[Opening Information given section]
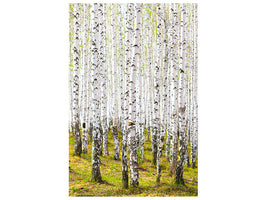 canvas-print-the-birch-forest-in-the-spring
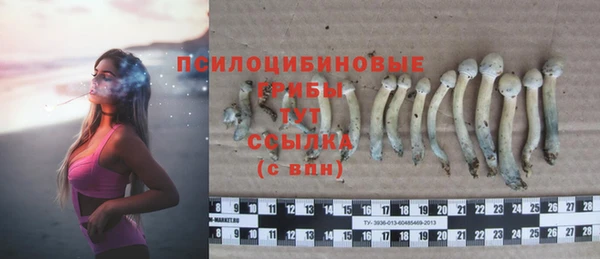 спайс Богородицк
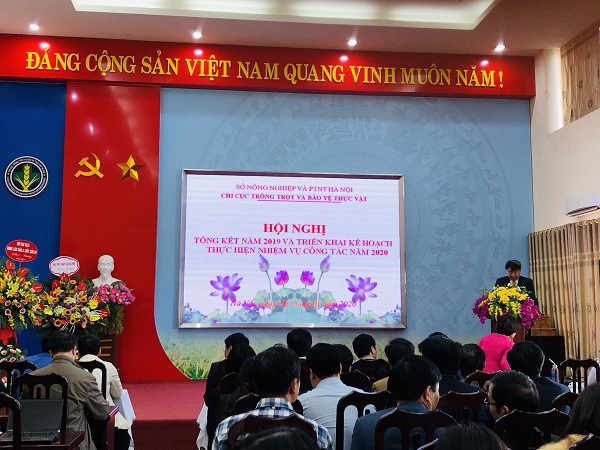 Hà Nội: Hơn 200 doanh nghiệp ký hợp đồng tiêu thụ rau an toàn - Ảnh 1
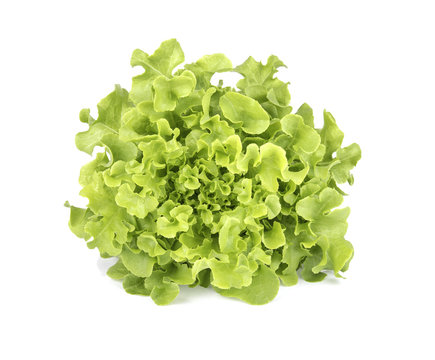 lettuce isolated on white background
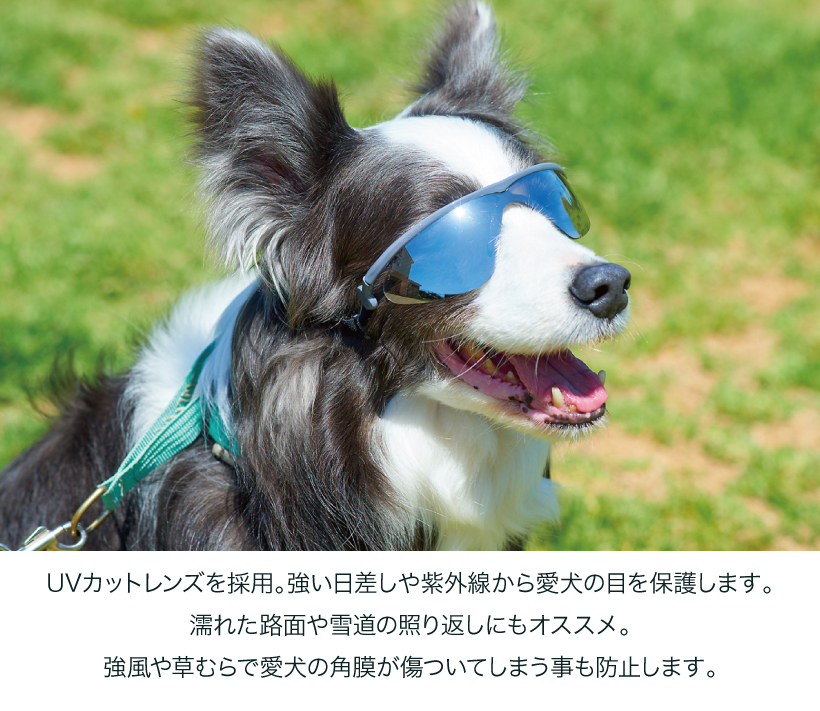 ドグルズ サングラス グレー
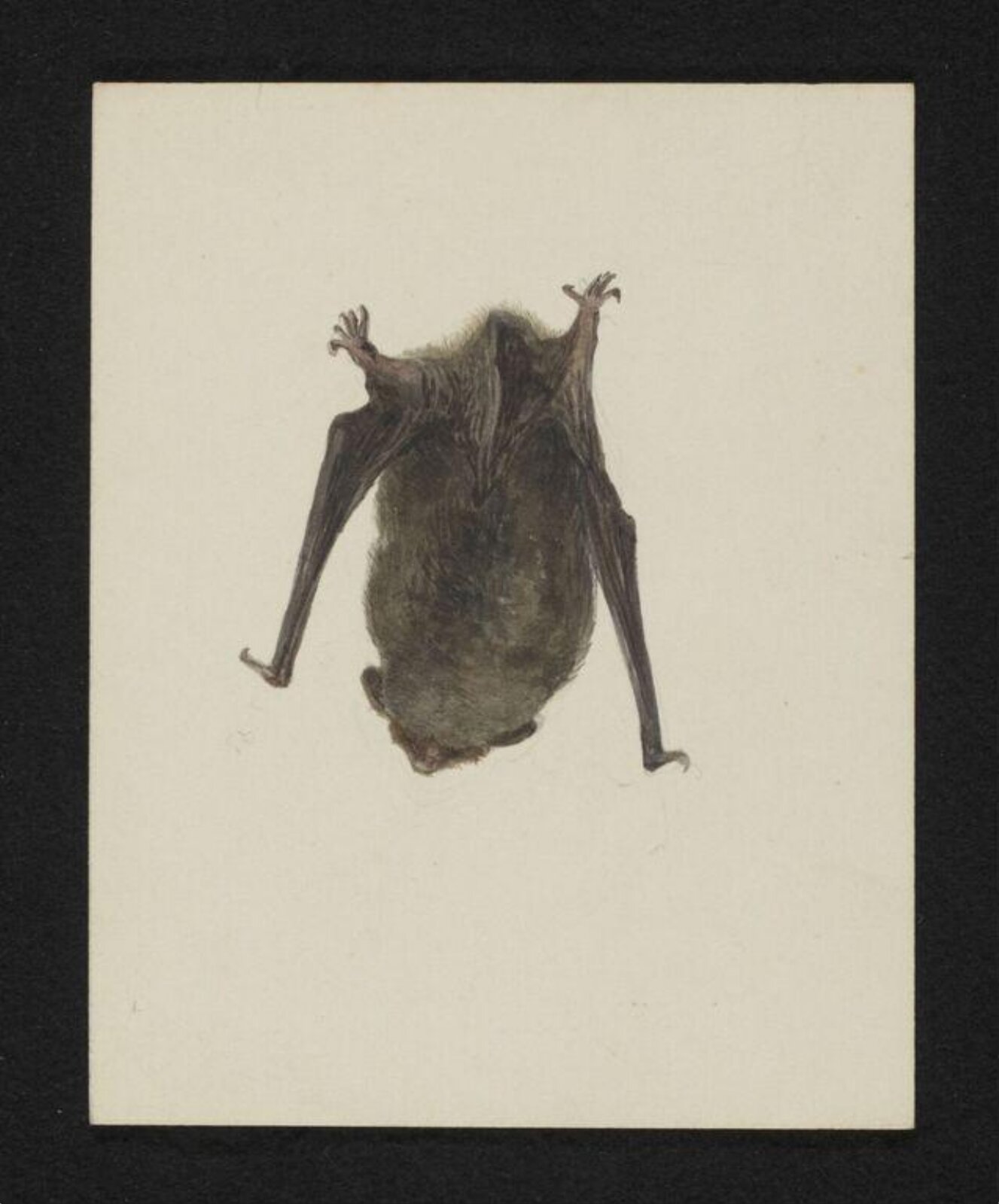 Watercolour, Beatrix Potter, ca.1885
[Closing Information given section]
What the exercise asks:
Your task is to retype all the entries exactly and leave out any pictures.

Task result:
 canvas-print-the-birch-forest-in-the-spring
 спайс Богородицк
 Hà Nội: Hơn 200 doanh nghiệp ký hợp đồng tiêu thụ rau an toàn - Ảnh 1
 lettuce isolated on white background
 ドグルズ サングラス グレー
 Watercolour, Beatrix Potter, ca.1885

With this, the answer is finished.